WHAT IS NEEDED: Transcribe the records below from the first line to the line that includes "谢寿安簿寄锦屏山下所失剪刀（宋·邵雍）释义及解释", inclusive, and omit the pictures.

----- GIVEN RECORDS -----

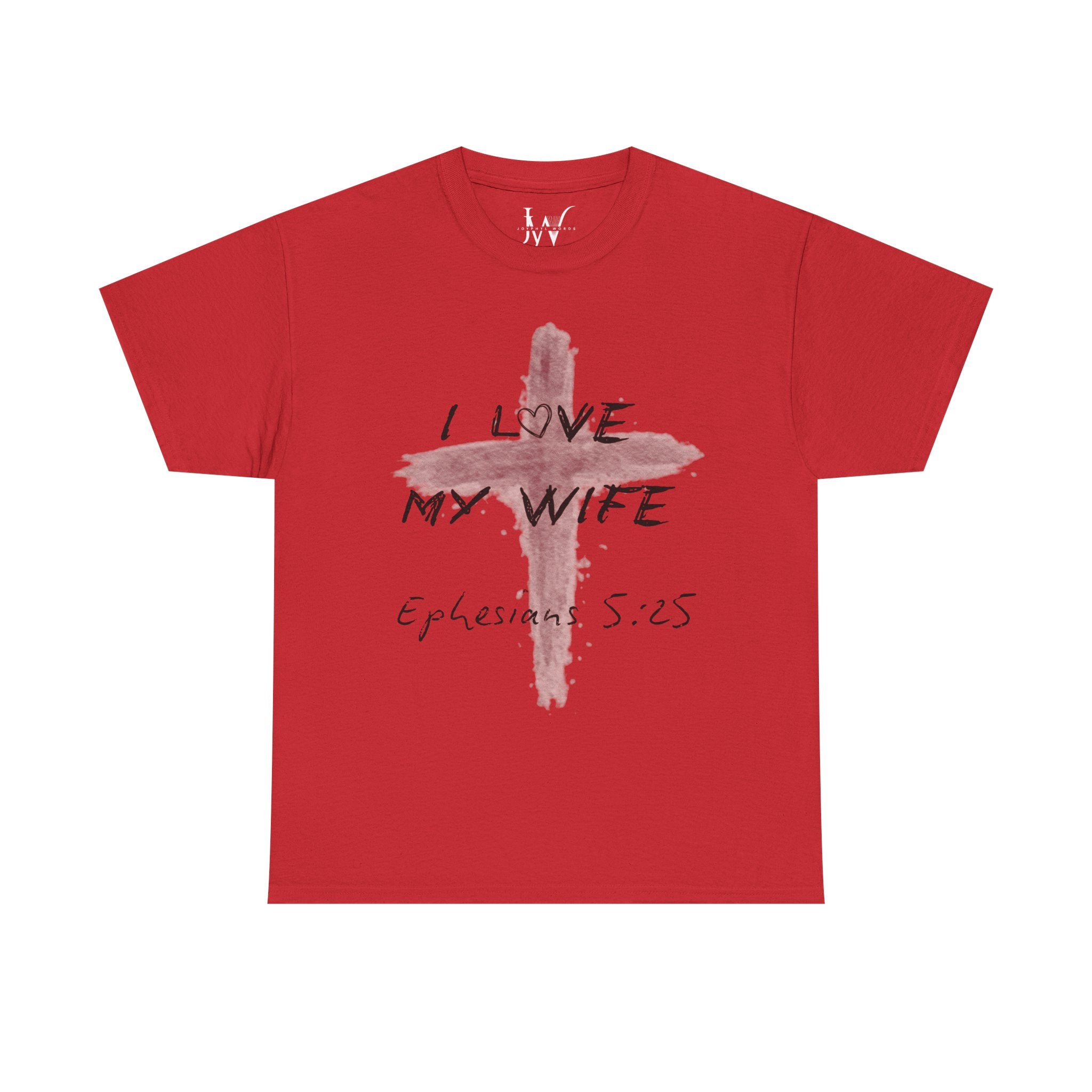 I Love My Wife Cross Ephesians 5:25 Scripture Tee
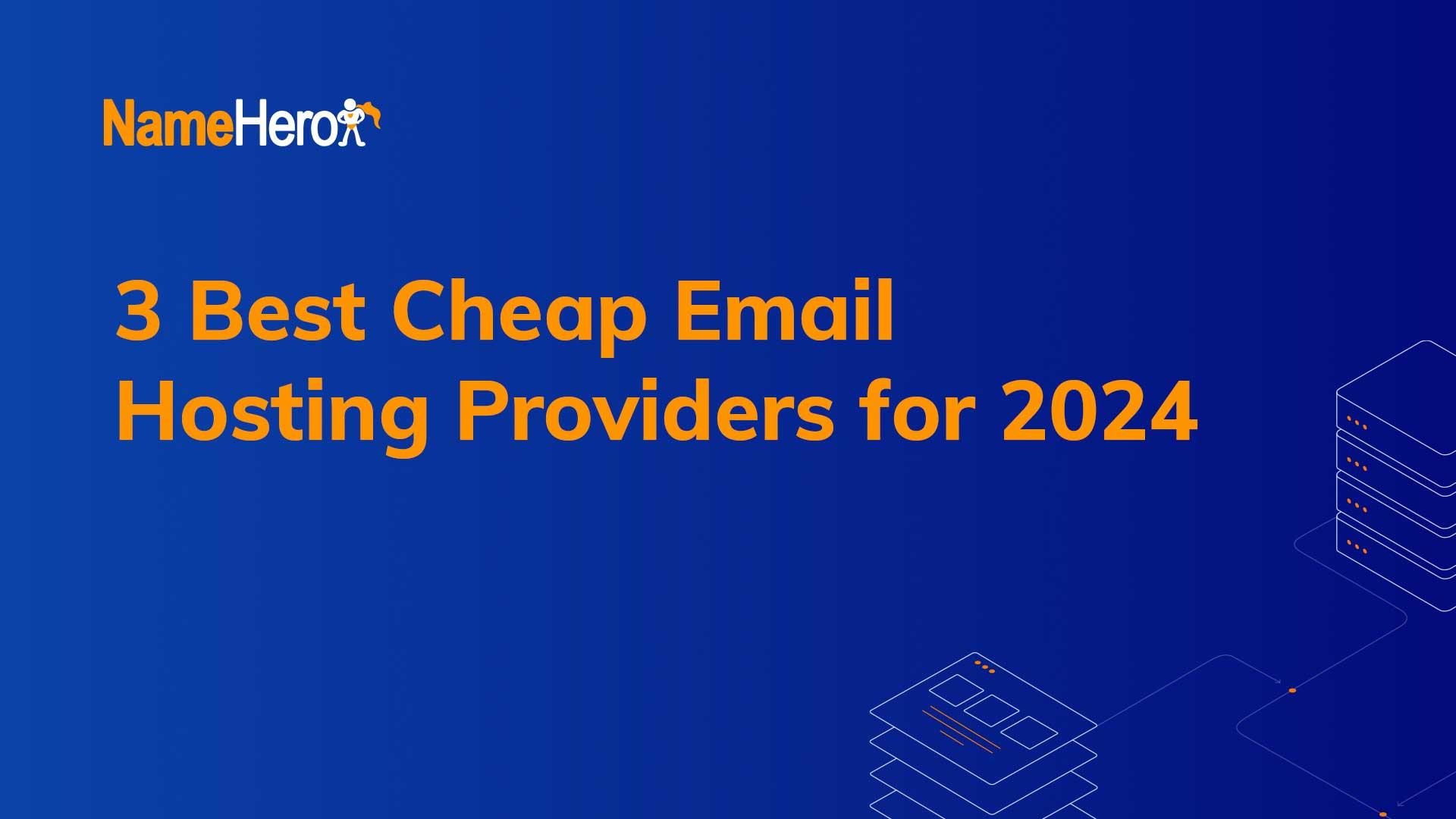 Top Cheap Email Hosting Services Reviewed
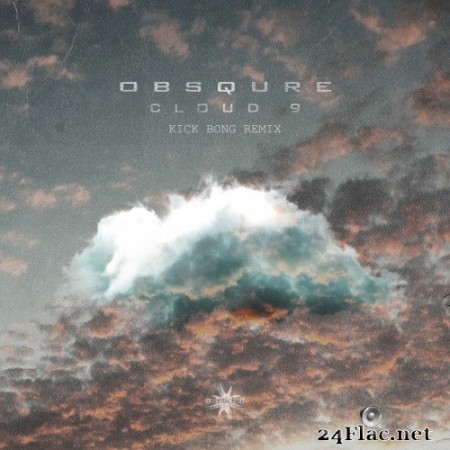 Obsqure - Cloud 9 (Kick Bong Remix) (Single) (2020) Hi-Res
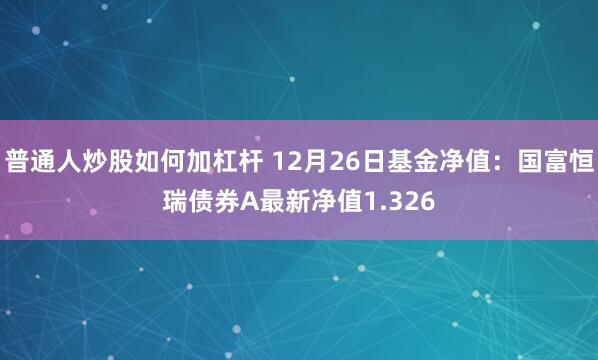 普通人炒股如何加杠杆 12月26日基金净值：国富恒瑞债券A最新净值1.326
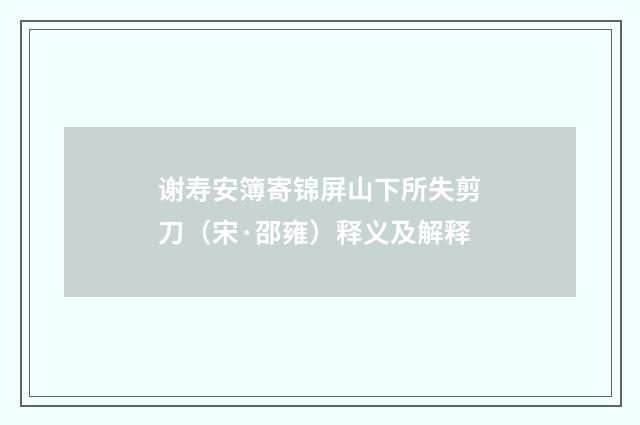 谢寿安簿寄锦屏山下所失剪刀（宋·邵雍）释义及解释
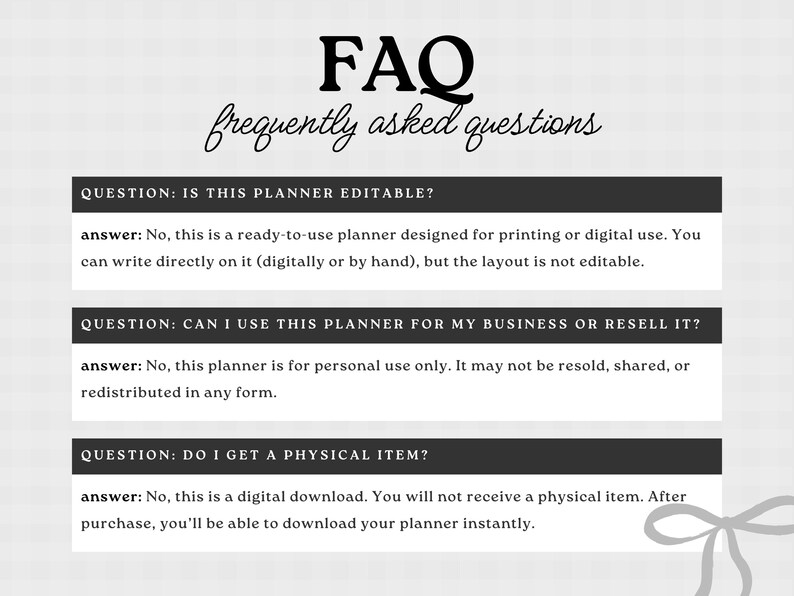 May include: A black and white graphic with the text "FAQ frequently asked questions." The image contains three questions and answers about a planner, including whether it is editable, for business use, and if it is a physical item.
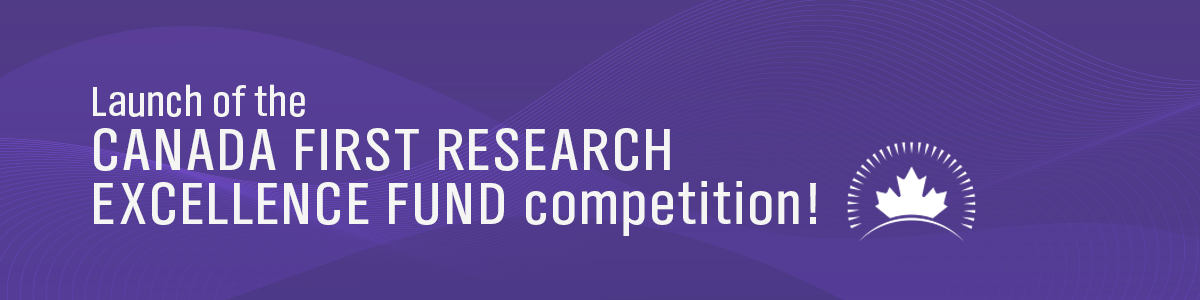 Launch of the Canada First Research Excellence Fund competition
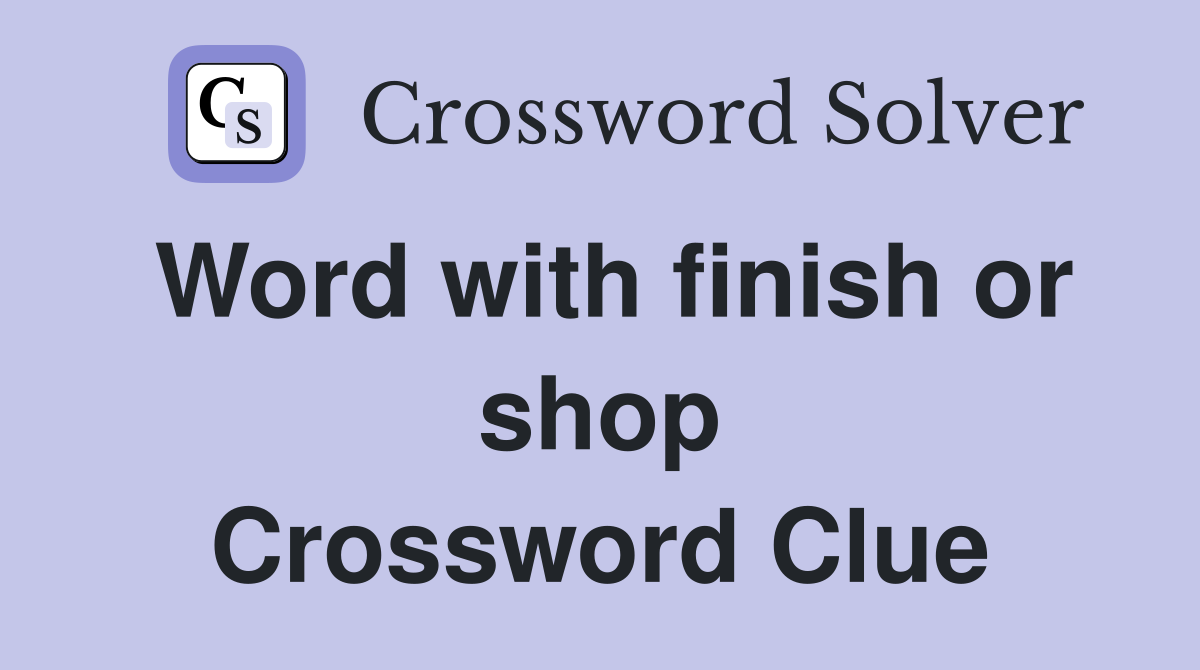 Word with finish or shop Crossword Clue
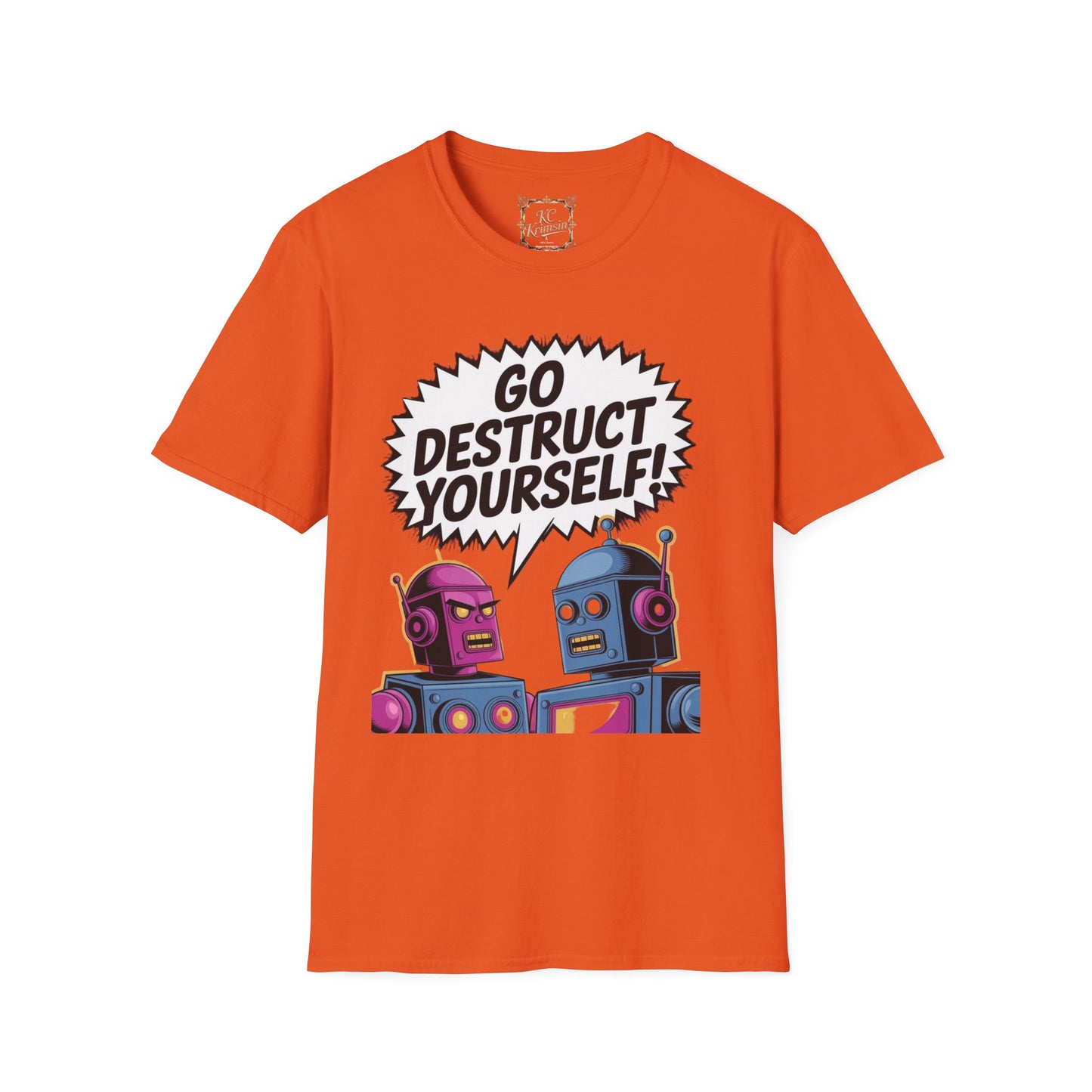 GO DESTRUCT YOURSELF robot tee, Unisex Softstyle T-Shirt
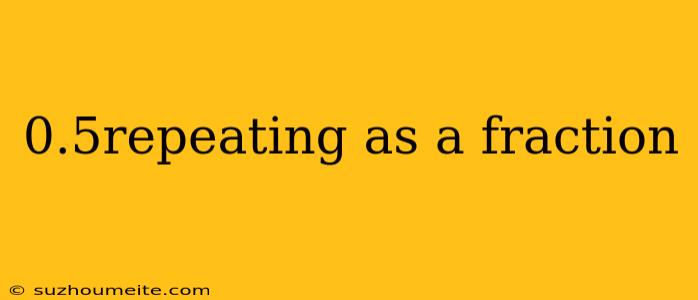 0.5repeating As A Fraction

-----

ANSWER TO THIS TASK:
 I Love My Wife Cross Ephesians 5:25 Scripture Tee
 Top Cheap Email Hosting Services Reviewed
 Obsqure - Cloud 9 (Kick Bong Remix) (Single) (2020) Hi-Res
 普通人炒股如何加杠杆 12月26日基金净值：国富恒瑞债券A最新净值1.326
 谢寿安簿寄锦屏山下所失剪刀（宋·邵雍）释义及解释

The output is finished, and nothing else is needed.